19
May
11

Mendelssohnian musings

Sometimes I think Mendelssohn gets short shrift.  Perhaps it’s just an artifact of my own musical upbringing (which didn’t include a lot of Mendelssohn), but it seems to me his music is not paid the attention it deserves.  Of course, everyone knows the overture to, and the wedding march from, A Midsummer Night’s Dream, and the Octet is fairly ubiquitous, but how many people know the motets?  The overture for winds?  (I like to joke that the body of the overture for winds [after a spine-tingling introduction] is what Arthur Sullivan’s music would have sounded like if Sullivan had been a better composer.)  Heck, even the epic 2nd symphony isn’t particularly well-known.  Here’s a taste of it (do watch the entire thing; you won’t be disappointed):

Of course, one of Mendelssohn’s great claims to fame is his revival of J. S. Bach’s St.
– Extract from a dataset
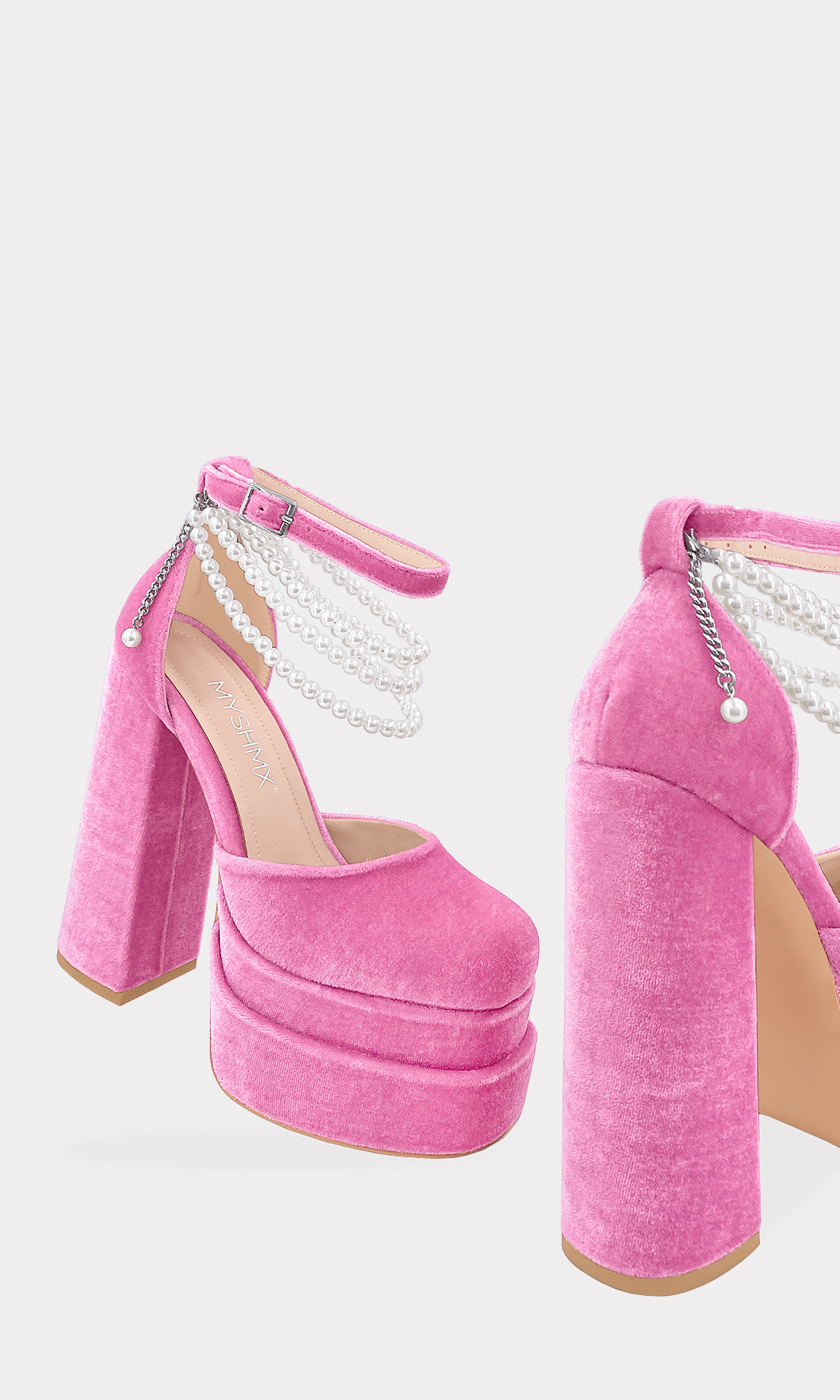 PLEASURE ZAPATOS CERRADOS DE TERCIOPELO ROSA TIPO BRATZ CON DETALLE DE PERLAS Y DOBLE PLATAFORMA CON TACON ALTO 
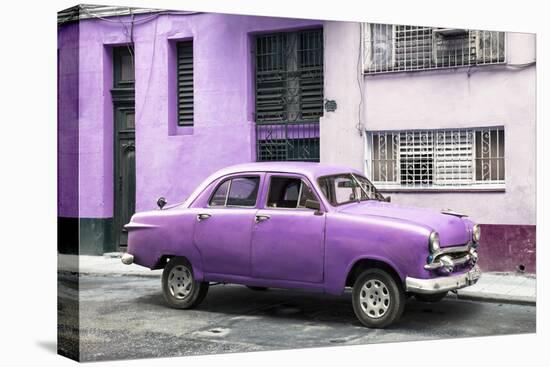 Cuba Fuerte Collection - Old Purple Car in the Streets of Havana-Philippe Hugonnard-Stretched Canvas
Matthew Passion, and of interest in Bach’s music in general.  Mendelssohn was obviously influenced by Bach’s music.  Like Bach, Mendelssohn knew that whatever events occur on the surface of a piece of tonal music, however catchy, unusual, or seemingly capricious they may be, need to be grounded and united in driving toward goals.  In chapter one of his magnum opus, Der Freie Satz, Heinrich Schenker says “Without a goal, there can be no content.”  And like Bach, Mendelssohn knew how to arrange a logical sequence of goals.  His harmonies never appear completely unjustified, although, again like Bach (and all great composers), the element of surprise – where appropriate – is retained.  Indeed, one of the skills that sets the master apart from the dilettante is the ability to at once flout and satisfy the listener’s expectations.  A surprising event on the surface can and should be able to be thoroughly explained and shown to meet logic’s demands in the background. 

Schenker has this to say about superficial complexity: “A firmly established linear progression can withstand even the most discordant friction of voices as they move contrapuntally.”  Schenker is often accused of un-artistic reductionism, but I’d reduce the idea contained in that statement even further and say that a firmly established scale-step can withstand that same friction.  The point is that as long as the composer takes care to create the individual voices so that they work toward a common, perceptible and intentional* goal (or harmonic expression), there is actually a great deal of freedom with which those voices can move and “bump into each other.”  One can see this in the works of Bach especially, when a certain vertical simultaneity of tones appears to defy classification as a chord.  This is because it does defy classification as a chord.  Such phenomena are better understood as artifacts of counterpoint – discordant friction. 

If I were to make one criticism of Mendelssohn’s writing, it would be that his counterpoint can be a little too “on-the-nose,” so to speak.  It often expresses harmony a little too squarely; the voices are often a bit too co-operative, and lose some  of their sense of individuality.  Sometimes I wish there were more of that “discordant friction” of which Schenker spoke, and of which Bach was a consummate master.  Bach’s counterpoint often blurs the line between what would be, in a lesser talent’s hands, obviously discrete harmonies.  This way of writing creates, perhaps counter-intuitively, a more coherent, tightly knit structure.  These overlapping and interlocking discords and resolutions serve to create a sort of fascia that really holds the piece together.  Music that proceeds in clearly demarcated “chunks” of harmony hangs together much more loosely.  One can almost “see” through the holes between the harmonies.  The “non-square” kind of writing I’ve been flogging here does appear in Mendelssohn’s music from time to time, I just wish it were more often.

*There is a lot of music out there that only superficially mimics the processes of the masters.  Sometimes one comes across a passage in such a piece that seems to arrive at a “goal,” but it is clear from the surrounding mess that the “goal” was only accidentally stumbled upon, as when a fairly new piano student tries several things out on the keyboard until finally (and not due to any real forethought) they strike upon something pleasing: “Oh! That sounds good!”